(EXERCISE MATERIALS):
= = = = =
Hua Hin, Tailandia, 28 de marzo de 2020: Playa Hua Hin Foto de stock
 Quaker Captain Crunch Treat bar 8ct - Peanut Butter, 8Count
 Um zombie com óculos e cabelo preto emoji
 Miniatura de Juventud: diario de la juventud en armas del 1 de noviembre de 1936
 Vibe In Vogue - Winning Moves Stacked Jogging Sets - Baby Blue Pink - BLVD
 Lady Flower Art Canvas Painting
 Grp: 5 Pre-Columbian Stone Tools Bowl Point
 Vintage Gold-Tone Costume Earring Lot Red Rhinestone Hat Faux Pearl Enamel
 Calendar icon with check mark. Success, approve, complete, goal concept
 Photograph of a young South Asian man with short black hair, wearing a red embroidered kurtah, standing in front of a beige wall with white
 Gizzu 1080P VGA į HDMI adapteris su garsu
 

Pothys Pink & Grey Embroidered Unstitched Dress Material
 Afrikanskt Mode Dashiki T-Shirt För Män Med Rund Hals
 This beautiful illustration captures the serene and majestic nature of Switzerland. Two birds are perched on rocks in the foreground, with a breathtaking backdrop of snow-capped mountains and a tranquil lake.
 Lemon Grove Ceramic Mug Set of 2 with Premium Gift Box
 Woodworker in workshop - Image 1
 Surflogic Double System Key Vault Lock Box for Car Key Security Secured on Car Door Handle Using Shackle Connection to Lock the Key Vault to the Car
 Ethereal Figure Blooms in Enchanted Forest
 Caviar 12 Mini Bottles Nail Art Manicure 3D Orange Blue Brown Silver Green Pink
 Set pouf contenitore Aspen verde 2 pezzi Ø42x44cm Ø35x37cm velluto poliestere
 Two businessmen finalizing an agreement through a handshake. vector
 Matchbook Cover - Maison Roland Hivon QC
= = = = =
(PROBLEM DESCRIPTION):
Starting with the line with "Surflogic Double System" above and going on through the line with "Ethereal Figure Blooms in Enchanted Forest", transcribe every line exactly, both ends included, and add nothing.

(FINISHED EXERCISE):
 Surflogic Double System Key Vault Lock Box for Car Key Security Secured on Car Door Handle Using Shackle Connection to Lock the Key Vault to the Car
 Ethereal Figure Blooms in Enchanted Forest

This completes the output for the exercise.